A CAMBRIDGE-BASED insecurity researcher has found that it is possible with time and patience to bypass the iPhone passcode system and access a person's personals.
Sergei Skorobogatov has published a short paper on his efforts, claiming that it is possible to take control of an iPhone by unsoldering a NAND Flash chip, spoofing the passcode retry counter and presumably clearing a bit of desk space.
This is no drive-by attack and is quite involved. If you were unlocking iPhones for nefarious purposes, for example, bulk stolen resale, it would probably come into its own. If you are just into it for the giggles the good news is that it doesn't cost much to carry out and yields results.
"This was achieved by unsoldering the NAND Flash chip of a sample phone in order to physically access its connection to the SoC, and partially reverse engineering its proprietary bus protocol," wrote Skorobogatov.
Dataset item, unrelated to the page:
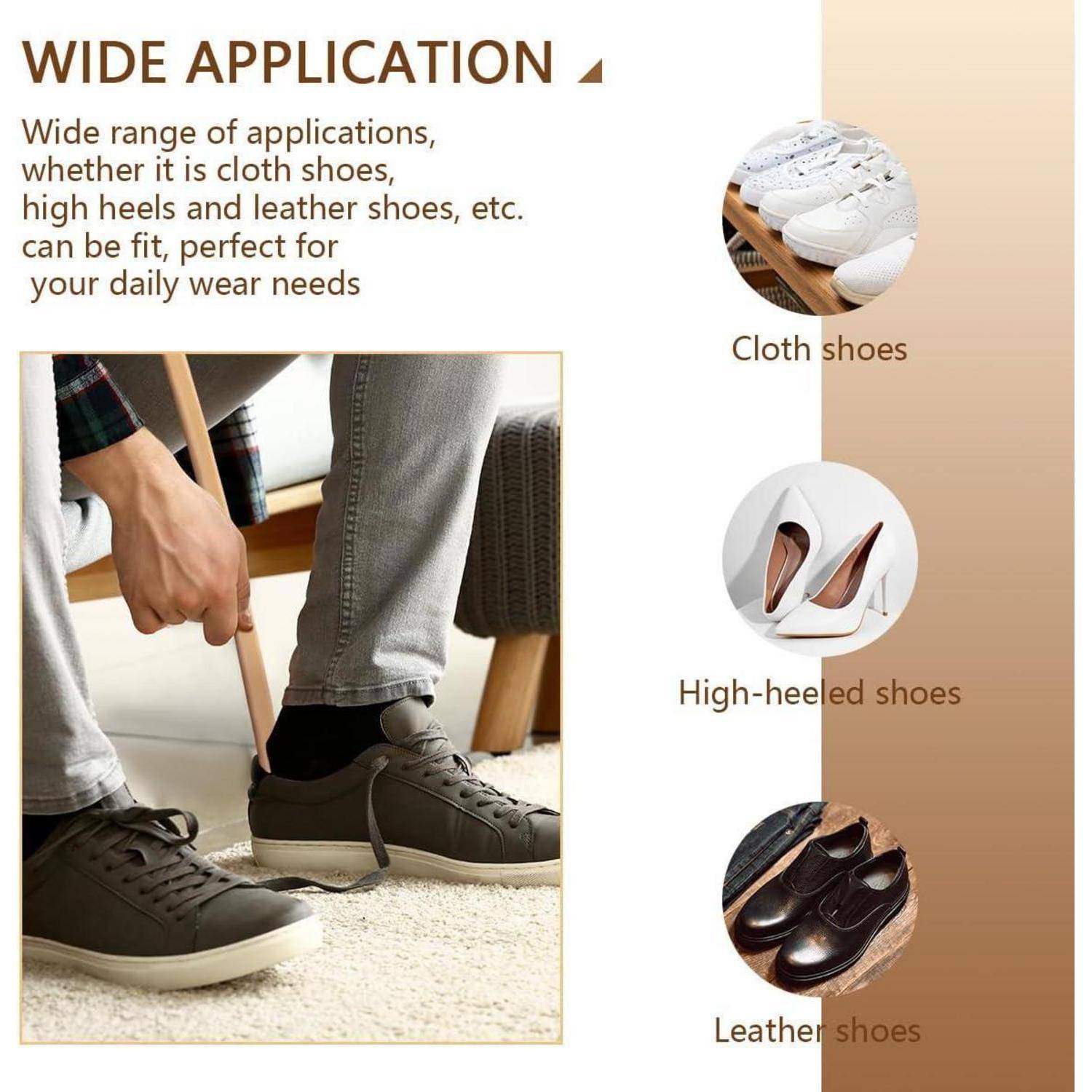 Werbebild, das zeigt, wie ein Schuhlöffel zum Anziehen von Sneakern verwendet wird, mit dem Text "BREITE ANWENDUNG"" und Beispielen für Stoff-, High-Heel- und Lederschuhe.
"The process does not require any expensive and sophisticated equipment. All needed parts are low cost and were obtained from local electronics distributors. By using the described and successful hardware mirroring process it was possible to bypass the limit on passcode retry attempts."
Skorobogatov explained that this is the first public demonstration of the working prototype and the hardware mirroring process for an iPhone 5C. He admitted that the process could be improved, but said that it is still a successful proof-of-concept.
"Knowledge of the possibility of mirroring will definitely help in designing systems with better protection. Also some reliability issues related to the NAND memory allocation in iPhone 5C are revealed," he said.
"Some future research directions are outlined in this paper and several possible countermeasures are suggested. We show that claims that iPhone 5C NAND mirroring was unfeasible were ill-advised."